Bloomberg News

Societe Generale Sells First Samurai Bond After Four-Year Delay

November 22, 2012

Societe Generale SA (GLE) sold its first Samurai bonds, pricing 70 billion yen ($849 million) of the debt more than four years after the lender registered to offer the securities.

It sold 23.8 billion yen of 0.9 percent two-year notes to yield 60 basis points more than the yen swap rate, 39.7 billion yen of 1 percent three-year bonds at a spread of 70 basis points, and 6.5 billion yen of 1.11 percent Samurais due in five years at a 75 basis-point premium, according to data compiled by Bloomberg.

France’s second-largest bank marketed the yen-denominated securities in the Japanese market after European Central Bank President Mario Draghi pledged to buy unlimited amounts of government bonds, easing concern about the region’s debt crisis. Moody’s Investors Service this week cut France’s rating from the top investment grade, citing a worsening economic outlook.

Ai Ogawara, a spokeswoman in Tokyo for Societe Generale, wasn’t immediately able to comment on today’s sale, and on the bank’s previous plans to offer Samurai bonds.

The Paris-based bank filed to sell the notes in September 2008, just before Lehman Brothers Holdings Inc. declared bankruptcy.
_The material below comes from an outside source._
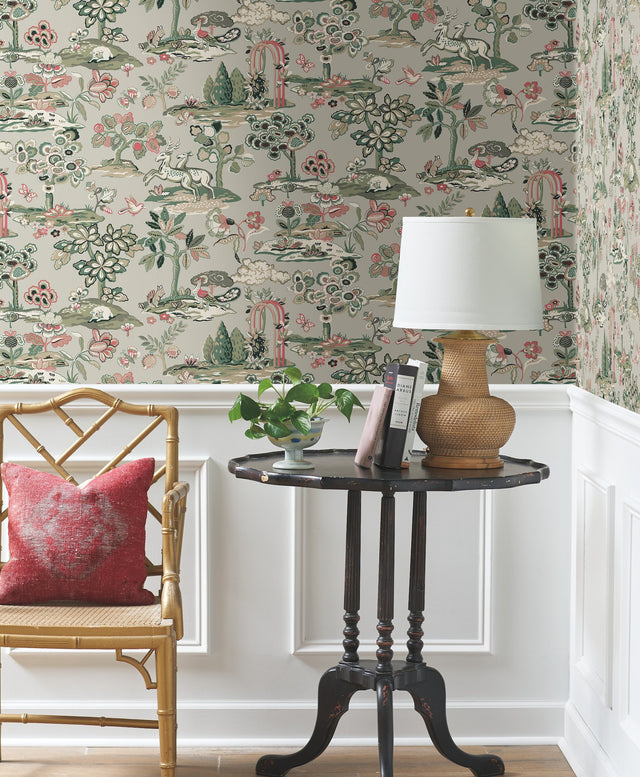 Kingswood Taupe & Coral Wallpaper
It delayed the offering amid the global financial turmoil, a person with direct knowledge of the matter said at the time. The registration was valid for two years.
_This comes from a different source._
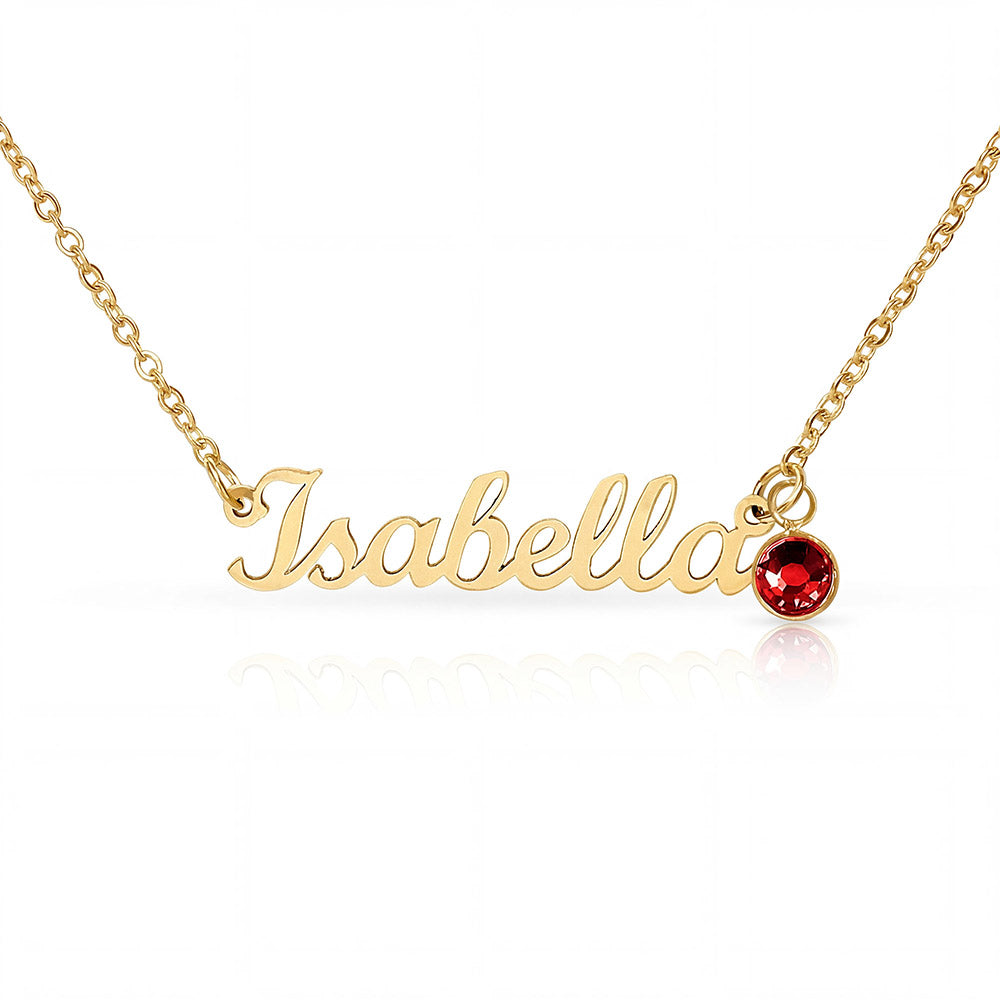 Personalized Name Necklace for Daughter – Athlete Gift from Mom – Custom Name Jewelry with Birthstone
Societe Generale posted another filing on June 8, 2011 to sell Samurai debt. It said in the submission that it would set the terms for an offering of three- and five-year fixed-rate notes, as well as five-year floating-rate securities, by the middle of that month.

The issuer then postponed the offering, a person familiar with the matter said 17 months ago, asking not to be identified because the details were private.